As instituições políticas são imaginadas e criadas por uma sociedade para ajudá-la a se organizar e atingir certos objetivos (por exemplo, no caso das democracias, liberdade, igualdade de direitos, justiça social, equilíbrio econômico etc.), mas também exprimem certos costumes, valores e sentimentos da sociedade, e provocam nela outros sentimentos, porque estimulam a sua imaginação com todos esses símbolos e rituais de funcionamento - que não são sempre tão racionais, não visam sempre e somente um objetivo racional a ser realizado. A imaginação de uma sociedade a ajuda a moldar suas instituições, e depois essas instituições continuam mexendo com a imaginação da sociedade, de maneiras que não são sempre previsíveis e muitas vezes fogem ao ao controle das pessoas.
As roupas luxuosas do rei que na França, o trono imponente, a coroa de ouro etc., depois da Idade Média, simbolizavam para o povo francês a grandeza e o poder da autoridade, gerando sentimentos de admiração e respeito. Mas tempos depois, um pouco antes da Revolução Francesa, com o povo daquele país na miséria e revoltado, os mesmos objetos luxuosos passaram a simbolizar a desigualdade e a exploração do povo pelos ricos e poderosos, e a gerar sentimentos de ódio (o os nobres da França demoraram muito a perceberem essa mudança, aliás podemos dizer que perceberam tarde demais, e muitos acabaram mortos em público na Revolução Francesa, com a população festejando essas morte entusiasticamente).
O modo de funcionamento das instituições parece lhes dar um funcionamento e uma realidade próprias, como se uma instituição pudesse se preservar e continuar existindo independentemente do que as pessoas pensam dela ou do modo como reagem a ela.
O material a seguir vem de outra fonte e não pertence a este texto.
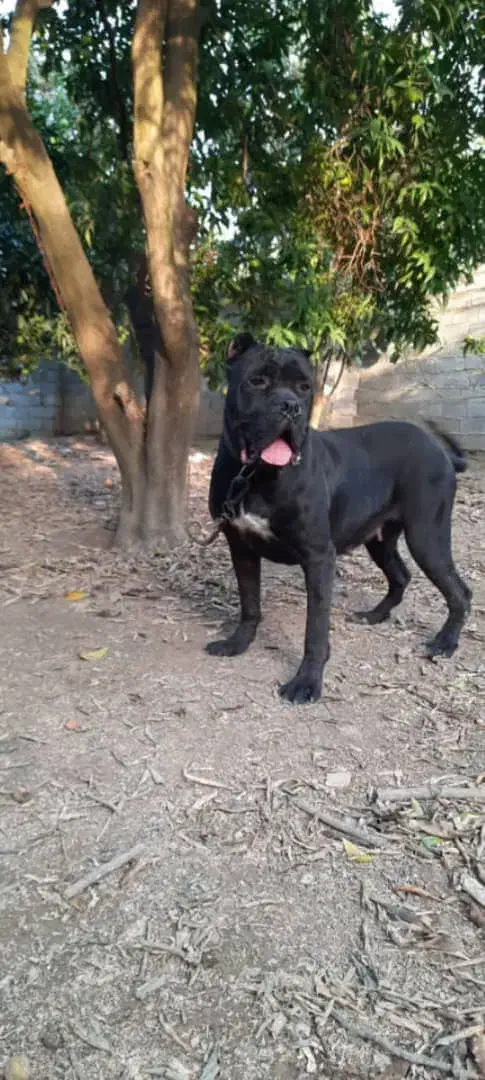 کن کورسو|سگ|تهران, قیطریه|دیوار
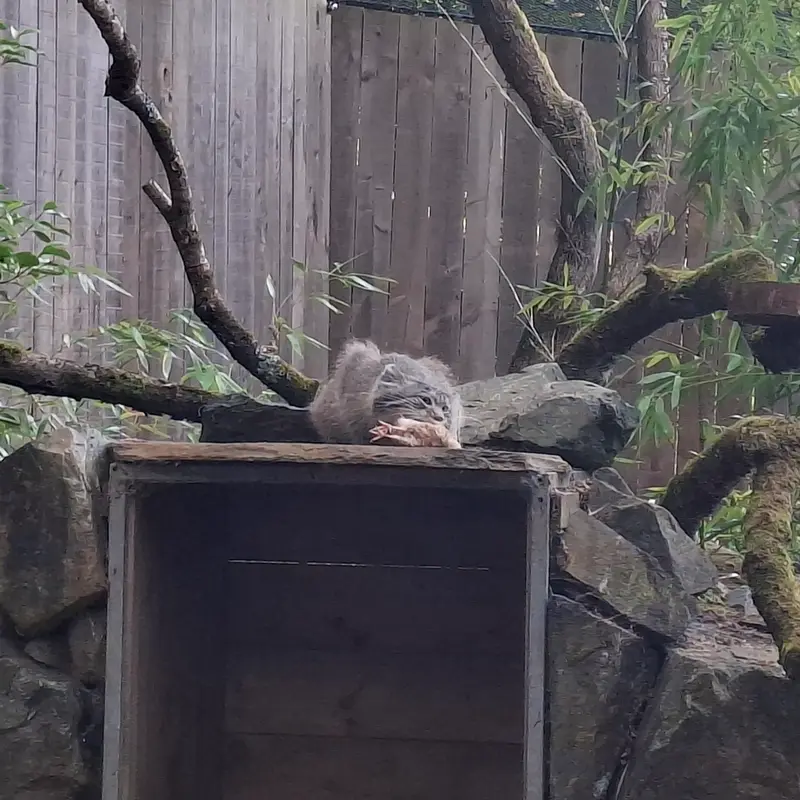 A photograph of Altai in Tregomeur Zoo
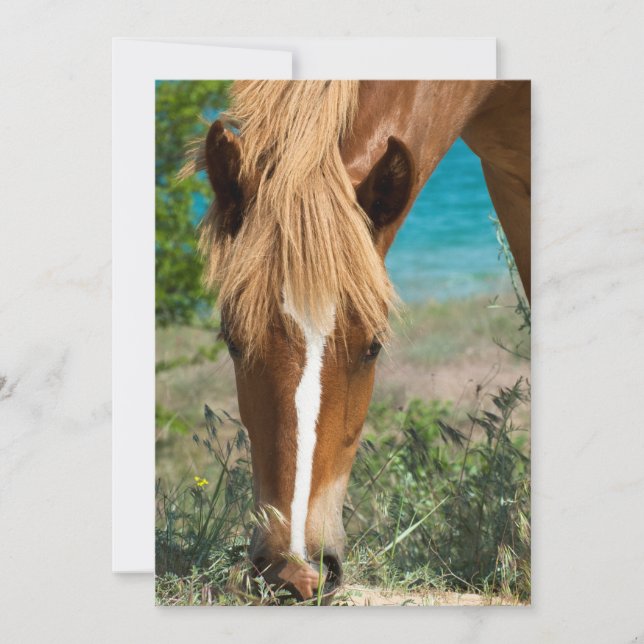 Carte Cheval (Devant)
Mas sabemos - porque a história de todos os povos nos mostra com clareza - que isso não é verdade. Se a população não aceita uma instituição ou passa a imaginá-la como algo ruim, dificilmente essa instituição sobrevive sem passar por mudanças radicais, por mais que as autoridades insistam em mantê-las, e frequentemente nem mesmo existe qualquer mudança que possa salvá-la, de modo que a instituição vai morrendo, e outras diferentes começam a brotar na imaginação da sociedade para a substituírem.
As autoridades, se forem suficientemente competentes para isso, tentam captar o que está no sentimento e na imaginação da população para elas próprias tentarem criar novas instituições. Mas mais uma vez, essas novas instituições só vão se firmar se acabarem sendo aceitas e bem recebidas pela população - e a história nos mostra que isso vale mesmo para as mais autoritárias formas de organização política, porque para conseguirem se manter elas sempre precisam firmar suas instituições nos sentimentos do povo, nem que sejam sentimentos de medo.